Only your taste buds can determine if the wine is oaked to your liking. The oak falls back as you age, so make sure it's sufficient before you bottle, if not, patience, time, and some new oak. Rack em into your new carboys with new oak, leave whatever sediment you have behind and stay the course. Test for SO2 if you can, add what you need based on your Ph. If you don't have SO2 testing capabilities, use the 1/4 tsp / 6 gallon estimate.


----------



## Busabill (Mar 28, 2016)

So I just tasted it and it is not overly oakey but very delightful Damn Delicious!. I do not think I will oak it anymore so then the question becomes do I rack it and let it age for another three months or just bottle it and be done? Pros cons? It would be nice to bottle it and be done and have the wine ready but it is tempting to rack it and let it age more in bulk. Thoughts?


----------



## Johnd (Mar 28, 2016)

Whatever the level of oak is that you taste now, it'll fall back with age. Try to oak it a tad past your taste and let it come back to you in the aging process.


----------



## Busabill (Mar 28, 2016)

Ok John, sounds good. Maybe I will do a little American Oak this time as the last round was French.


----------



## Busabill (Mar 29, 2016)

Something else I am debating adding a little bit of tannin in the next round of oaking as well to the cab. I love a big bold wine with a good amount of finish but I have never played around with adding tannin before. Is it the same as with Oak? Will tannin fall back as it ages as well? Anybody have any good advice for adding tannins?


----------



## Johnd (Mar 29, 2016)

Busabill said:


> Something else I am debating adding a little bit of tannin in the next round of oaking as well to the cab. I love a big bold wine with a good amount of finish but I have never played around with adding tannin before. Is it the same as with Oak? Will tannin fall back as it ages as well? Anybody have any good advice for adding tannins?

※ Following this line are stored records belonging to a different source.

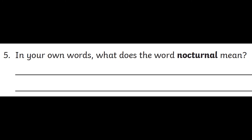Time's up! In your own words, what does the word nocturnal mean? There are many ways you can answer this question. What your answer should include is that it relates to animals being active and awake at night, and sleeping or resting during the day — basically the opposite of what you usually do.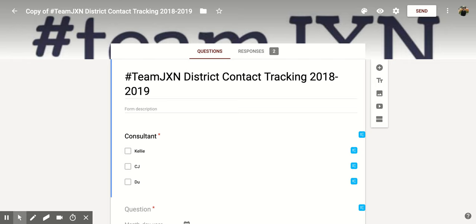Hi everyone! Today we're going to be talking about how to set up email notifications for new responses within a Google Form.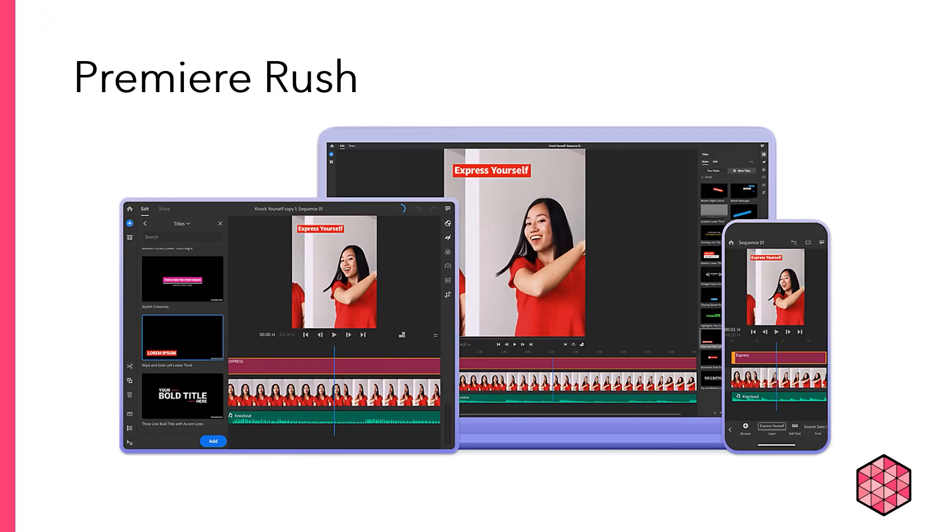Congratulations! That's Premiere Rush! You've exported your first video. I hope you've enjoyed the process.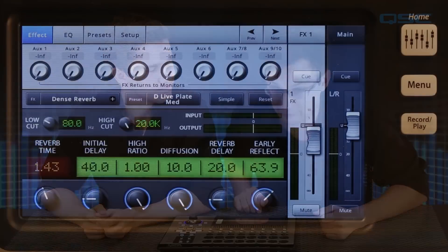The effects routing on TouchMix is what you would expect to find on any full-featured digital mixer. There are four post-fader effects sends from each and every input channel, and each effects processor has returns to the mains and the aux outputs. Let's look at the processors first.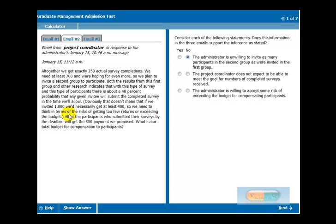It sounds like when they send out more invites, it's going to require more money. So they want to ballpark it. They don't want to go too high, and they also don't want to be too low and send out too few invites and not get enough responses. So they're talking about the risk here.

Tannins and oak both mellow with age, and in a great wine, the balance between the two, the fruit, and the alcohol are in harmony. I add tannins in primary fermentation to help with color retention, occasionally when I transfer to glass, but haven't done much in the finishing stages. Do some searching on the forum, there are lots of blurbs in there about tannins. I've read some good stuff here about Tannin Riche Extra as a finishing tannin, along with a couple of others. 

I'm certainly no expert in supplemental tannin additions, so somebody else jump in here with some time tried and tested experiences.


----------



## Busabill (Mar 29, 2016)

That is good to know, thanks, I will do a little research! I'm also debating taking a gallon of my 6 gallons of zinfandel and fortifying it to make a port, which I've never done. I know there is a port section in the forums so I'll go read up. Does anyone know if I'll run into issues doing that since I'm already in the oaking/fininshing stages with the zin? Any port advice there or things to watch for there?


----------